ASSIGNMENT
Transcribe exactly, and only, the lines from the one containing "Used 2008 NISSAN" through the last line of the data.
*** DATA TO EXAMINE ***
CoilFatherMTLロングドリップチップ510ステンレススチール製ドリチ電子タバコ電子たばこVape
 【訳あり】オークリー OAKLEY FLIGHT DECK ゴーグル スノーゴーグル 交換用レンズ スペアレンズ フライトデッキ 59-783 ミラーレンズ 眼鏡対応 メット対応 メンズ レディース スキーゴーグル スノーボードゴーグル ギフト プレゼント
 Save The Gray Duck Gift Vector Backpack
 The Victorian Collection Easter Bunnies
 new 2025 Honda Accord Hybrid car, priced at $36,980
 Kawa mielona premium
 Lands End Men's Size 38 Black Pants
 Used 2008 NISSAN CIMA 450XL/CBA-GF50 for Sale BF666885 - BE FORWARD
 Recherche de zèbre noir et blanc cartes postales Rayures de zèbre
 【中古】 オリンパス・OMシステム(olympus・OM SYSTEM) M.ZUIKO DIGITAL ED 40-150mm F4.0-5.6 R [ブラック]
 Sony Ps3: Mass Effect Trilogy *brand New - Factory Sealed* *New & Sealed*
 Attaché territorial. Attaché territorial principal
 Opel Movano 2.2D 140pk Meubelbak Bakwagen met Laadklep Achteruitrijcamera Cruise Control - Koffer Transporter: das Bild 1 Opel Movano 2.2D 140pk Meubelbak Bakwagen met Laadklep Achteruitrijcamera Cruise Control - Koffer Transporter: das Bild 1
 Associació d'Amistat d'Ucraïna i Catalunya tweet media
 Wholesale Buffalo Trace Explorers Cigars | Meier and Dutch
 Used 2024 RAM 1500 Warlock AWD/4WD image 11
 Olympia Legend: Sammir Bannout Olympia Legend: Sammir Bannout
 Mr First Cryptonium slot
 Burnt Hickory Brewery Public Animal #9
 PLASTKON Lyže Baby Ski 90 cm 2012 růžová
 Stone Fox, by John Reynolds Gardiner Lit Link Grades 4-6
*** End of DATA TO EXAMINE ***
RESPONSE TO THE EXERCISE
 Used 2008 NISSAN CIMA 450XL/CBA-GF50 for Sale BF666885 - BE FORWARD
 Recherche de zèbre noir et blanc cartes postales Rayures de zèbre
 【中古】 オリンパス・OMシステム(olympus・OM SYSTEM) M.ZUIKO DIGITAL ED 40-150mm F4.0-5.6 R [ブラック]
 Sony Ps3: Mass Effect Trilogy *brand New - Factory Sealed* *New & Sealed*
 Attaché territorial. Attaché territorial principal
 Opel Movano 2.2D 140pk Meubelbak Bakwagen met Laadklep Achteruitrijcamera Cruise Control - Koffer Transporter: das Bild 1 Opel Movano 2.2D 140pk Meubelbak Bakwagen met Laadklep Achteruitrijcamera Cruise Control - Koffer Transporter: das Bild 1
 Associació d'Amistat d'Ucraïna i Catalunya tweet media
 Wholesale Buffalo Trace Explorers Cigars | Meier and Dutch
 Used 2024 RAM 1500 Warlock AWD/4WD image 11
 Olympia Legend: Sammir Bannout Olympia Legend: Sammir Bannout
 Mr First Cryptonium slot
 Burnt Hickory Brewery Public Animal #9
 PLASTKON Lyže Baby Ski 90 cm 2012 růžová
 Stone Fox, by John Reynolds Gardiner Lit Link Grades 4-6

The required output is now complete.